I don't believe you are in the wrong. The other family members have taken advantage of the family members without kids. A family of four should be paying more for the house in this situation, since a larger home is needed with more bedrooms. Your sister being livid over this seems a bit over the top. But perhaps there is a better way to address it all so that both families feel heard, respected and all needs get met.

I would suggest that you reach out to your sister and let her know that you have loved these family trips together and want to continue to have wonderful relationships all around, but have felt that there has been an inequity in terms of the finances. You agreed all the prior years to split things evenly, even though they have children, you have acquiesced in terms of them getting the main bedroom with an attached bath because they have kids. But now that the kids are older, you believe it is the fair thing to have them pay for their family based on headcount and alternate between the main bedroom with the attached bath.

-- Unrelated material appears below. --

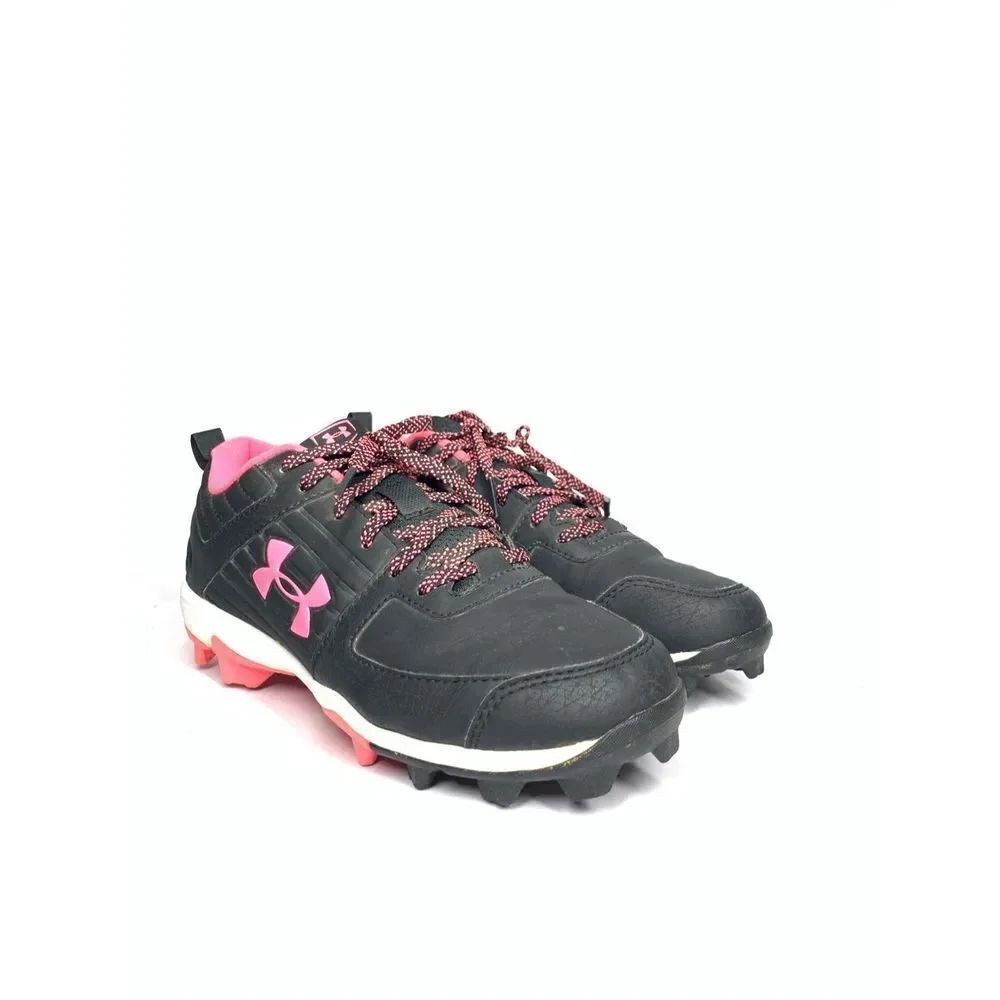Under Armour Leadoff Low RM Baseball Cleats Black Hot Pink Girls Youth Kids 4.5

I would also suggest letting her know that involving your mom and causing her to take a side, doesn't really help with family communications and that this is just between the two of you. I think you should sit down in a quiet moment and just go through it all together and communicate your feelings and needs around this. I would not "count her money" and use the examples of how many homes they have, but rather speak more from what you are able to do moving forward. If things begin to get tense during the conversation, remind yourself and your sister of how much you enjoy the families being together. The goal is to keep the wonderful tradition going, while also being mindful of how things have felt for you around this money conflict.

Things can get dicey within families around money, so you may want to address things as they come up and not let things simmer year after year, where it may get harder to bring up your needs and feelings. I think you should always do it in a quiet moment away from the tension and try not to attack the other one for their feelings and experience. Find common ground so an agreement can be made that works for all.